Bisikletleri görebileceğimiz bir acıya masa çekip soğuk bir soda eşliğinde sohbete daldık.
Birazdan Mustafa da aradı ve Bostancı İDO’nun oradan bize doğru hareket ettiğini söyledi. Biz de sana karşı geleceğiz diyerek yola çıktık. Ancak anlaşmamızda bir sorun olmuş ki Bostancı’ya vardığımız halde ona rastlamadık. Sonra anlaşıldı ki o deniz kenarındaki, bizse asfalt kenarındaki bisiklet yolundan gitmişiz. 2 bisiklet yolu olunca hangisi, neremi diye karıştırıyorsun :)), ama durum çakılınca Mustafa sürratle geri dönerek bize yetişti ve 4’lü olarak Kadıköy’e doğru pedal bastık.
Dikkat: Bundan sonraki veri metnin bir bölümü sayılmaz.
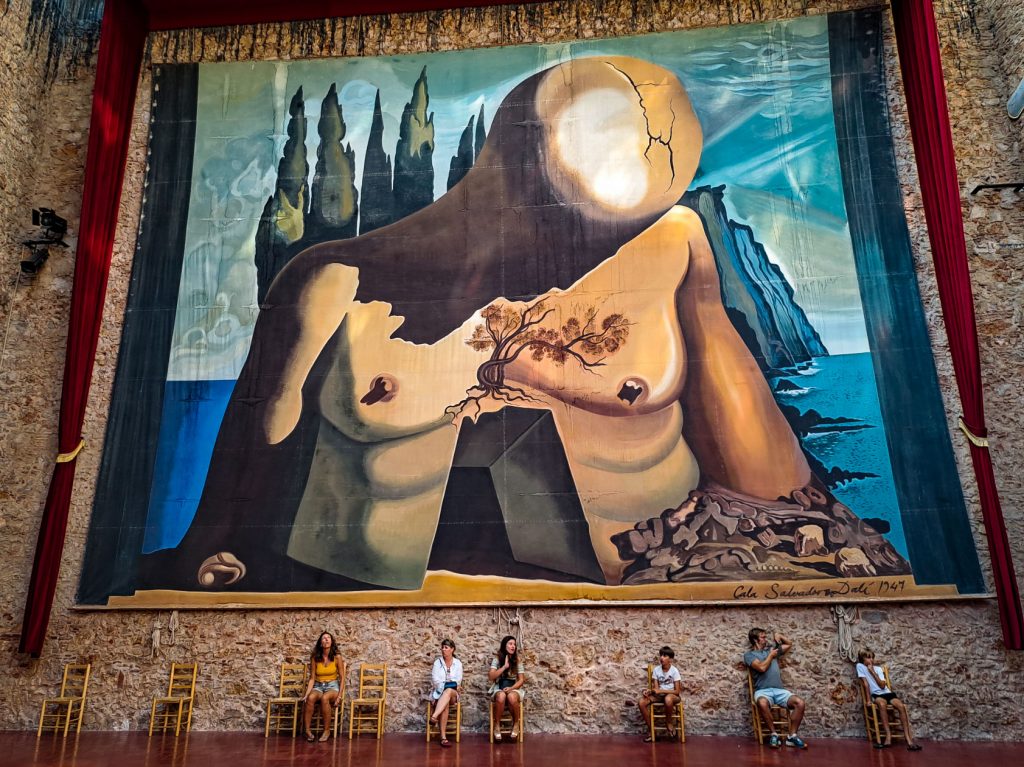 Музей Сальвадора Дали в Фигерасе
Murat, Kalamış’ta bizden ayrılıp Bostancı’ya geri döndü. Arabasını orada bırakmıştı. Bizse iskeleye doğru gemiye yetişmek için Salı pazarının kurulduğu alandan geçip boğa heykeline çıkmaya çalıştık ama trafiğin içinde takılı kaldık. Arabalar, otobüsler Fikret Albayı çok sıkıştırdı ve yürüyerek devam etme gereğini gördü. Keşke dedi, ters yönden elimizde gelseydik bu kadar zor olmazdı. Haklıydı elbette. Bu durumda gemiyi kaçırdık ve bir sonrakine kaldık. Mustafa önden yetişmişti ama. Neyse banklara oturup sohbetimize devam ettik. 1 hafta sonra çıkacağı Hopa güzergahını anlattı bana. Ben de kısa notlar aldım. Belki bir gün yaparsam elimde olsun. Malum bu konuda Türkiyenin tüm rotaları için mutlaka kendisine danışmak lazım. Bisiklet için nereden gitmenin daha uygun olduğunu, yılların tecrübesinden öğrenmek için. Yarım saat çabuk geçti ve gemimiz geldi. Yeni gemilerden di. Fikret Albay da ilk biniyormuş, çok hoşuna gitti. Binişler-inişler tabii ki çok daha kolay. İçerisi de geniş ve rahat, dayadık kenarlara ve boğazı seyrederek Beşiktaş’a vardık. Ben Akaretlerden, albay ise Barbaros yokuşundan çıkmak üzere vedalastık. Eve vardığımda saat 7 buçuk olmuştu. Bu gezimiz bile 90 km’yi bulmuştu. Ortalama hızımız 14,3 km. 1511 kalori ve 65 gr yağ harcanmıştı. Ehh bir ziyaret için gayet iyiydi.

Tatlı anılarla ve dostluklarla bezenmis, sonunda iki arkadaşımı da görerek dopdolu bir gün oldu benim için.